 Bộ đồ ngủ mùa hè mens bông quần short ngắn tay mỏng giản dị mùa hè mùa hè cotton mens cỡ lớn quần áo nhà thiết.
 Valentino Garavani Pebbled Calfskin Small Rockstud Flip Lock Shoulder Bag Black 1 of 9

________

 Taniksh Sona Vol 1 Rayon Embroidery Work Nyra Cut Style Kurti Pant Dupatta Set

________

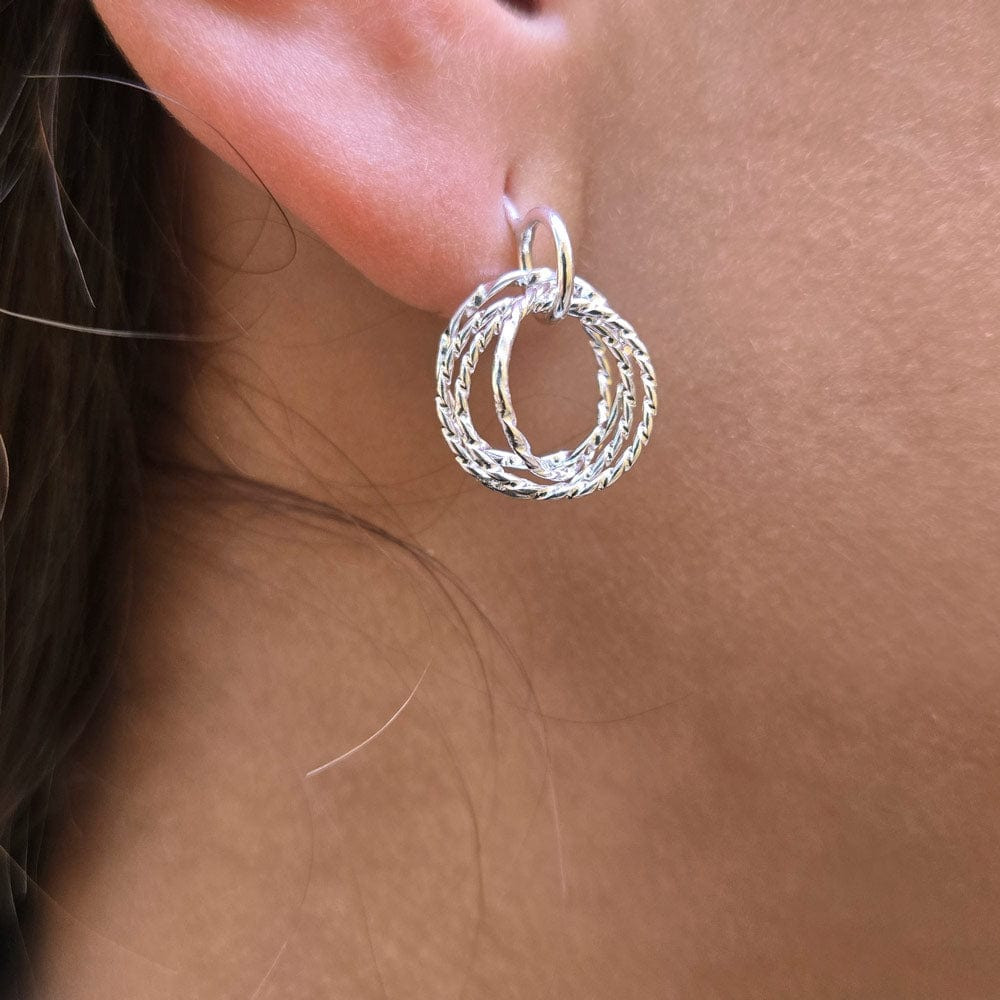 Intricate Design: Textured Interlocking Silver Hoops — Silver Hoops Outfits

________

Restate word for word the lines of the data above, starting at the line containing "Bộ đồ ngủ mùa" and ending at the line containing "Valentino Garavani Pebbled", both included, and nothing more.

 Bộ đồ ngủ mùa hè mens bông quần short ngắn tay mỏng giản dị mùa hè mùa hè cotton mens cỡ lớn quần áo nhà thiết.
 Valentino Garavani Pebbled Calfskin Small Rockstud Flip Lock Shoulder Bag Black 1 of 9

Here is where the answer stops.